Even if this is true, it's something of a sideshow to the real question that regulators and the exchanges need to be looking at. Some bad trades in PG (PG) shouldn't cause hundreds of securities to go nuts and trade at $.01. That the market was so brittle is the problem -- not what might have come out of one player in Chicago.
[snip]
(Excerpt) Read more at businessinsider.com ...
testing testing testing.....more from the crime syndicate in Chicago.
It wasn't just the DOW that began tanking ~ but all of them.
IWM (and several other Barclay's Bank products) are Exchange Traded Index Funds. These products have frequently been used by hedge fund operators as "banks" while they play Parando's Paradox.
Chicago...is anyone shocked? Didn’t think so.
Since it is already against the rules to manipulate the market, and nearly impossible to prove, it's going to take something else to make this kind of action stop.
bttt
Management
Bernay Box
Chief Executive Officer
Bernay Box was appointed as Chief Executive Officer of Terra Nova Financial Group, Inc. in November 2009. He is the founder and managing partner of Bonanza Capital, Ltd, a private investment partnership. Based in Dallas, Texas, Bonanza is a small-cap investment fund managing money for high net worth and institutional clients. Mr. Box has more than 20 years of investment experience and is a graduate of Baylor University.
Raymond Burley
President and Chief Operating Officer
As the President and Chief Operating Officer of Terra Nova Financial, LLC, Raymond Burley draws on expertise in operations, financial reporting, compliance and audits to direct the delivery of Terra Nova’s exceptional back office functionality, including oversight of the design, implementation and maintenance of its proprietary clearing system. Mr. Burley has more than 20 years of experience in the financial services and brokerage industries, including roles as COO of full-service investment management and brokerage firm Romano Brothers & Company and COO and CFO of options market maker Cutler Group, LP. He holds a Bachelor of Arts degree from Western Illinois University and has earned FINRA Series 7, 24 and 27 accreditations.
Murrey Wanstrath, CPA, CFA
Chief Financial Officer and Treasurer
Murrey Wanstrath was named Chief Financial Officer and Treasurer of Terra Nova Financial Group, Inc. in April 2009 and has served as a Director of the Company since June 2006. Previously, Mr. Wanstrath acted as the Companys interim Chief Financial Officer, Secretary and Treasurer.
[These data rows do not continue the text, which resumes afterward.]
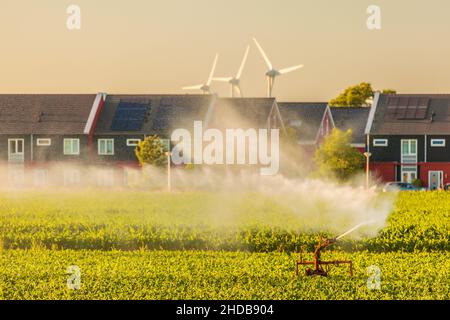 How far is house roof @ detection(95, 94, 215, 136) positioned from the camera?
65.8m

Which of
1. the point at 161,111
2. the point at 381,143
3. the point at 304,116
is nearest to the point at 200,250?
the point at 161,111

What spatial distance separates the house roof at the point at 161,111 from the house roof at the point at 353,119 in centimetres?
1287

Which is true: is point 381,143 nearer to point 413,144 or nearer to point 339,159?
point 413,144

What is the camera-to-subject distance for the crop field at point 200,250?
19594mm

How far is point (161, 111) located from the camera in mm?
67125

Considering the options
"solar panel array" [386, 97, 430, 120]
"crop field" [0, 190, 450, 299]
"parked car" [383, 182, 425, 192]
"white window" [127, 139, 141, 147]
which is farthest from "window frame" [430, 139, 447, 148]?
"crop field" [0, 190, 450, 299]

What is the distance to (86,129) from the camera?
214 feet

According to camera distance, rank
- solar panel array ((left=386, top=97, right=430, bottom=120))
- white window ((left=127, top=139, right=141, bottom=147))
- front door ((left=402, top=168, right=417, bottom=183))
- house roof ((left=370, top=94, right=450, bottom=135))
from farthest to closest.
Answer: solar panel array ((left=386, top=97, right=430, bottom=120)) → house roof ((left=370, top=94, right=450, bottom=135)) → front door ((left=402, top=168, right=417, bottom=183)) → white window ((left=127, top=139, right=141, bottom=147))

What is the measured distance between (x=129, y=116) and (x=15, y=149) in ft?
28.2

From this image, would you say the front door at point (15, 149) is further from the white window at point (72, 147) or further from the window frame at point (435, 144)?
the window frame at point (435, 144)

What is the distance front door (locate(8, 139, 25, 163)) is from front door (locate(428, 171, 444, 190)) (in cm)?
2989

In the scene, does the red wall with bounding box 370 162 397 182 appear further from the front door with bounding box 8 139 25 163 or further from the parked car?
the front door with bounding box 8 139 25 163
As Managing Director with Bonanza Capital from November 2005 to August 2008, he was responsible for identifying and executing investments in small cap public companies. Earlier in his career, Mr. Wanstrath held roles as Senior Equity Analyst for Hibernia Southcoast Capital and Manager in Ernst & Youngs transaction services group. Mr. Wanstrath is a Certified Public Accountant and has earned the Chartered Financial Analyst designation. He graduated from the University of Arkansas in Fayetteville with a Bachelor of Business Administration in Accounting.
http://www.tnfg.com/Company/Management.aspx
Ping!
Thanks for the headsup-——check Rahm Emanuel’s connection to these people.....dollars to donuts Wall Street Rahm facilitated this scam.
http://www.ecommerce-journal.com/node/25466
INRA fines Terra Nova Financial for making profits on soft dollar payments
November 24, 2009
FINRA fines Terra Nova Financial for making profits on soft dollar payments
Terra Nova Financial, LLC, of Chicago, has been fined by The Financial Industry Regulatory Authority today. The reason is that it made more than $1 million in improper soft dollar payments to or on behalf of five hedge fund managers, without following its own policies to ensure the payments were proper.
In addition, it was also charged with failing to properly supervise its soft dollar program, failing to perform corresponding supervisory procedures and failing to hold its business-related electronic instant messages. Terra Nova failed to timely respond to FINRAs requests for productions of various documents, including emails and instant messages, in that way FINRAs investigation delayed.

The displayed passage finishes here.